“Il ricatto dei food blogger” è il titolo di copertina del mensile Gambero Rosso di marzo. Il riferimento è a due inchieste del nostro Ludovico Perin che raccontano bene che cosa sia diventato il mercato della comunicazione enogastronomica oggi in Italia. Di cibo parliamo dalla mattina alla sera, tutti quanti, ovunque. Una conversazione unica e perpetua, nazionale, un tappeto sonoro di fondo che riempie qualunque momento della giornata, attraverso ogni strumento. Ma è innegabile che i luoghi principali deputati a ricevere e amplificare le riflessioni su ciò che mangiamo e beviamo, su come, quanto e dove lo facciamo, siano quelli più popolati (e popolari): vale a dire i social e il web. Ed è qui che allignano i maggiori rischi.
I casi Ferragni e Biagiarelli
Nei giorni roventi di gennaio abbiamo avuto l’impressione di essere arrivati a una sorta di punto di svolta.
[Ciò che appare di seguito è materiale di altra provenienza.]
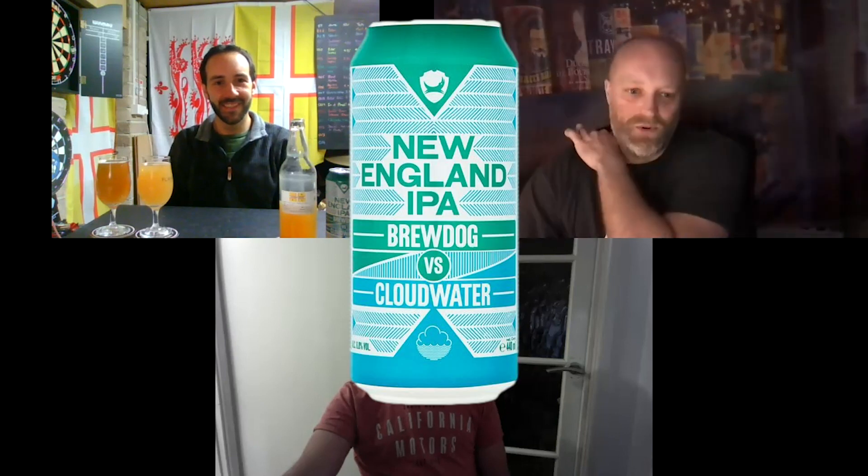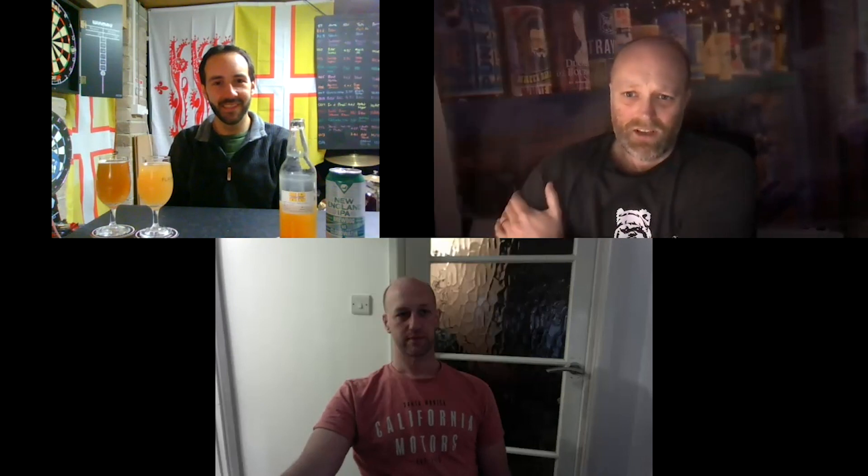John has brewed a clone of Brewdog versus Cloudwater's New England IPA, and we're going to do a blind taste test to see if we can pick out the real thing versus the homebrew.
Due casi – diversi ma entrambi di inusitata potenza mediatica – il Pandoro-gate di Chiara Ferragni e il fact checking dello chef-blogger Lorenzo Biagiarelli finito in tragedia, con il suicidio della pizzaiola Giovanna Pedretti – ci hanno costretto a rivedere alla radice il rapporto tra noi stessi e quello che viene detto e scritto, con la pubblicità, con l’informazione. Persino la giurassica e dormiente autorità per la tutela del mercato si è trovata a dover intervenire cercando di mettere ordine in una giungla che lei per prima ha fatto finta per anni di non vedere.
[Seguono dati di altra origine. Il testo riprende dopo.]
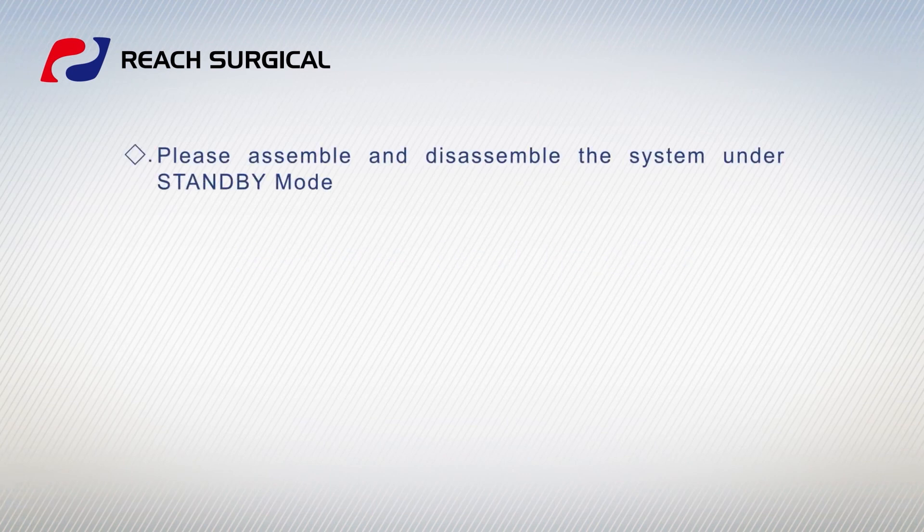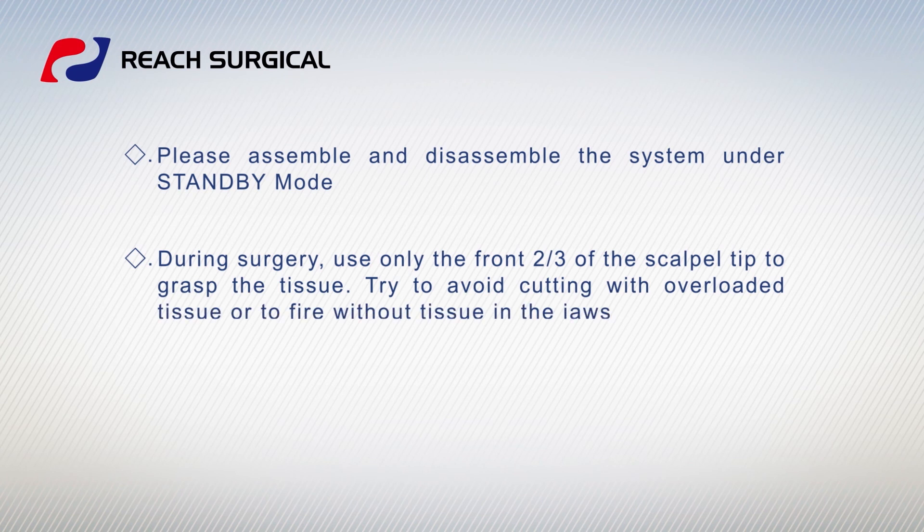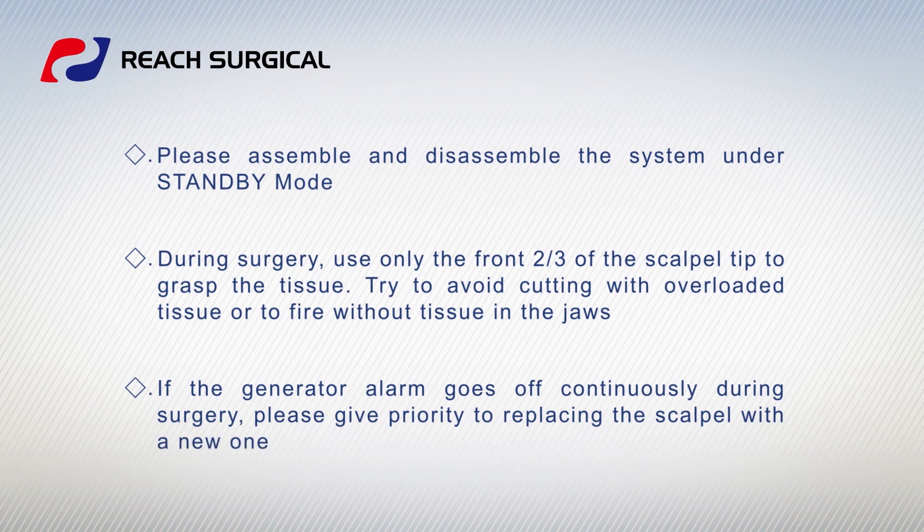Please assemble and disassemble the system under standby mode. During surgery, use only the front two-thirds of the scalpel tip to grasp the tissue. Try to avoid cutting with overloaded tissue or firing without tissue in the jaws. If the generator alarm goes off continuously during surgery, please give priority to replacing the scalpel with a new one.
Un esercito aggressivo di influencer
E però, per quanto spettacolari e shockanti, questi casi non hanno detto tutto quello che c’era da dire sulle storture del settore. Hanno dimenticato ad esempio di raccontare che alle spalle dei grandi influencer, a loro modo dei grandi professionisti, si muove un esercito aggressivo e spesso disarticolato di aspiranti o sedicenti influencer se non addirittura “non influencer” (spesso hanno pochi follower) privi di ogni tipo di preparazione che tentano e non di rado riescono a lucrare migliaia di euro ricattando e minacciando baristi, ristoratori, imprenditori del settore. Un autentico racket che alla fine dei conti vale milioni di euro capace di generare danni che vanno di molto oltre a quelli immediatamente economici. Danni di credibilità, di reputazione, di immagine a un mondo che di questi requisiti vive e che su questi requisiti lavora quotidianamente per migliorare l’offerta e rimanere al passo con i competitor internazionali.
Il danno ai consumatori
A subire i danni maggiori alla fine non sono nemmeno i ristoratori ricattati, quanto i consumatori che si ritrovano parte inconsapevole dei raggiri finendo a loro volta per essere raggirati e “mandati” a mangiare o a bere in posti privi di ogni valore. Un meccanismo che rischia di minare radicalmente tutti i meccanismi di base, le fondamenta del nostro mondo rispetto al quale l’unica possibilità che ci è concessa è quella di cercare di impegnarci sempre di più nel nostro quotidiano lavoro giornalistico per offrire ai nostri lettori una critica enogastronomica sempre affidabile e pulita.